→ **What you will do**:
When you reach the line that contains "Green Holiday Card)", set down that line and every one after it through the end of the records, exactly as written and with no pictures.

□ □ □ □

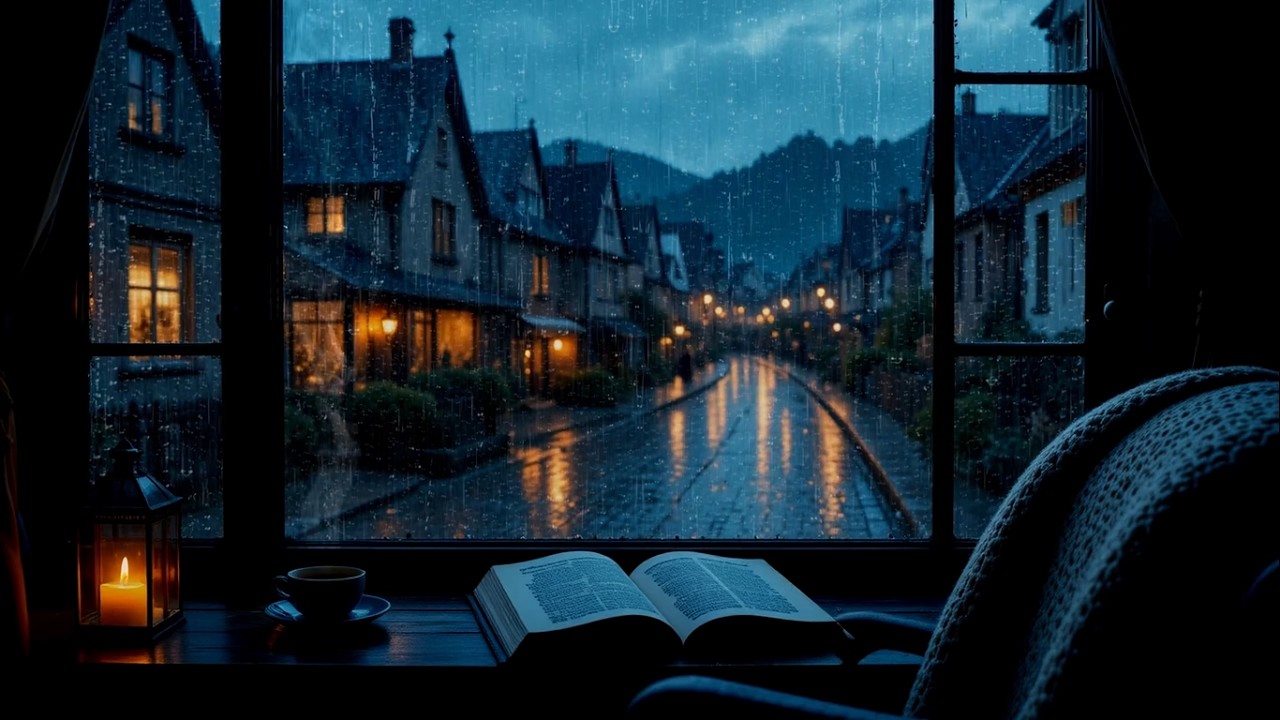 Quiet Rainy Town at Night 🌧️ | Cozy Window Ambience for Reading, Study & Relaxation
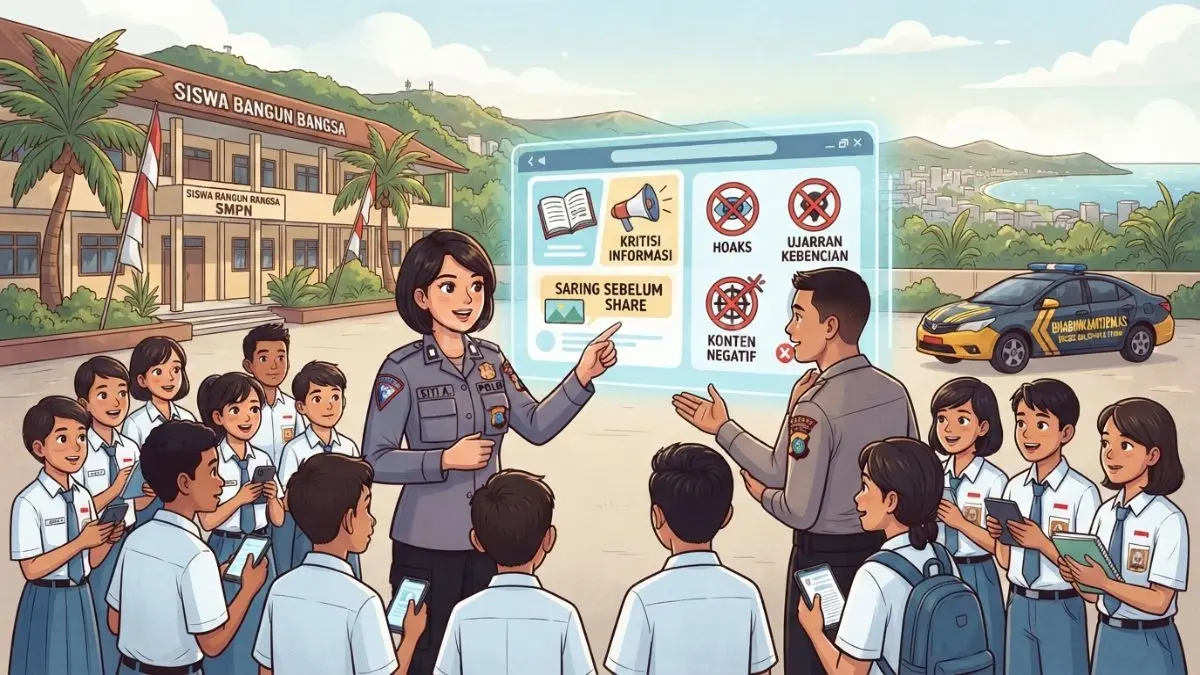 Ilustrasi Pelajar diingatkan menyaring informasi, menghindari hoaks, ujaran kebencian, dan konten negatif di ruang digital. (BTV/AI)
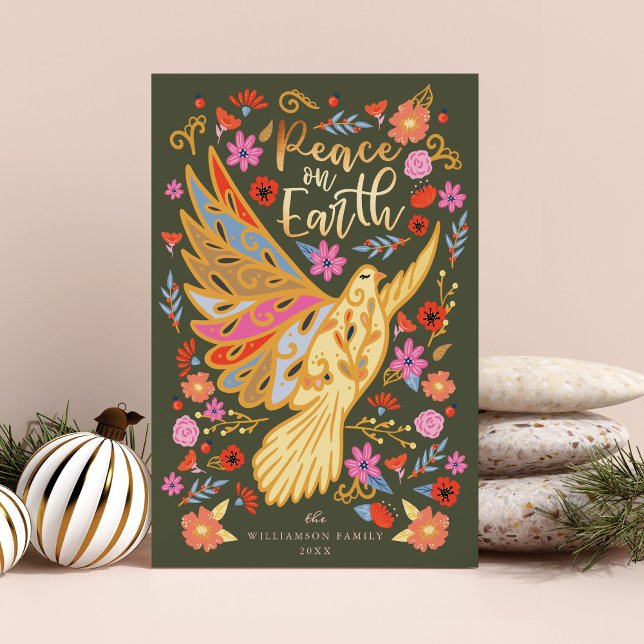 Peace on Earth Dove Floral Folk Art Earthy Green Holiday Card (Peace on Earth Dove Floral Folk Art Earthy Green Holiday Card)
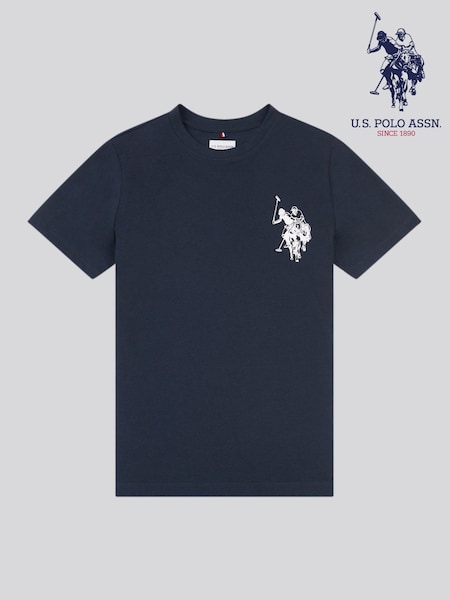 U.S. Polo Assn. Blue Boys Large Double Horsemen Graphic 100% Cotton T-Shirt (W55209) | 99 QAR - 119 QAR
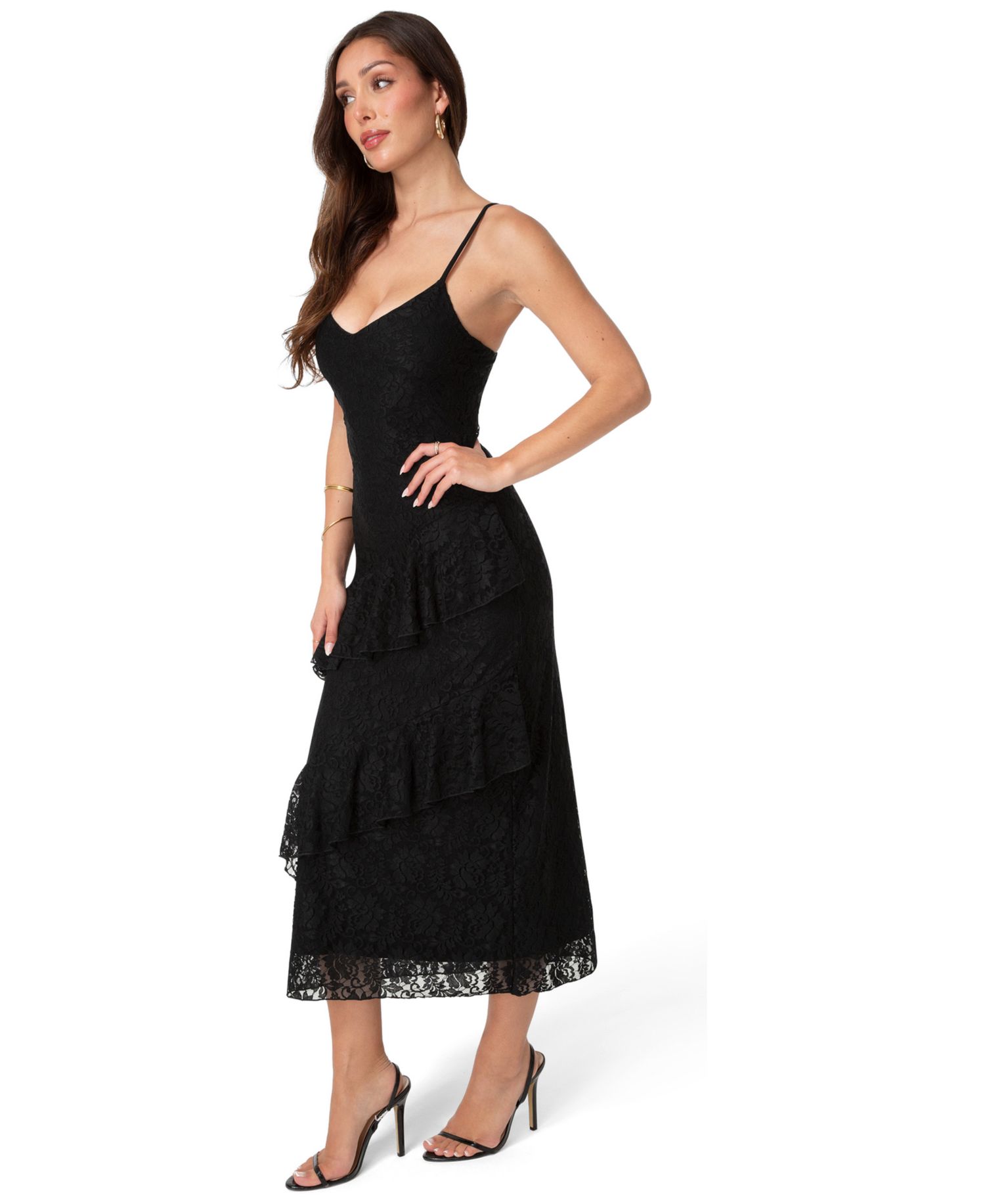 Womens Lace Ruffle Maxi Dress
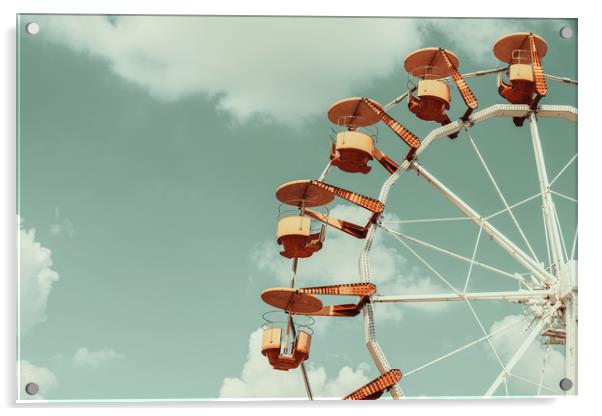 Ferris Wheel In Fun Park On Blue Sky Acrylic by Radu Bercan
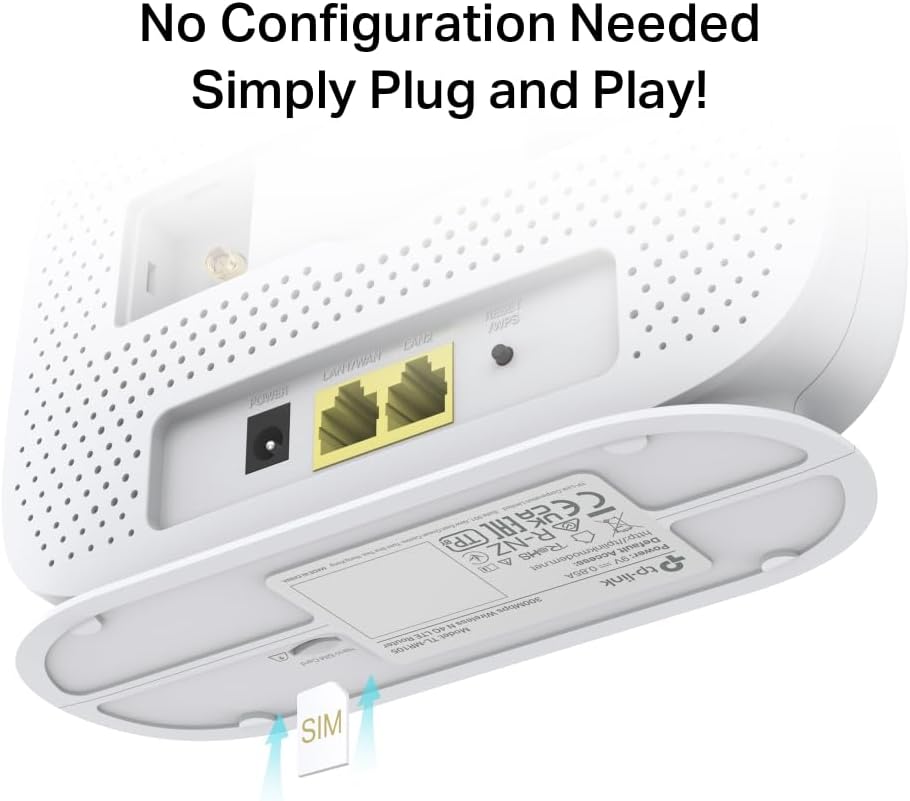TP-Link TL-MR105 WiFi 4G Router with Free SIM Card, N300Mbps Wireless 4G Cat4 LT...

□ □ □ □

→ **Solved problem**:
 Peace on Earth Dove Floral Folk Art Earthy Green Holiday Card (Peace on Earth Dove Floral Folk Art Earthy Green Holiday Card)
 U.S. Polo Assn. Blue Boys Large Double Horsemen Graphic 100% Cotton T-Shirt (W55209) | 99 QAR - 119 QAR
 Womens Lace Ruffle Maxi Dress
 Ferris Wheel In Fun Park On Blue Sky Acrylic by Radu Bercan
TP-Link TL-MR105 WiFi 4G Router with Free SIM Card, N300Mbps Wireless 4G Cat4 LT...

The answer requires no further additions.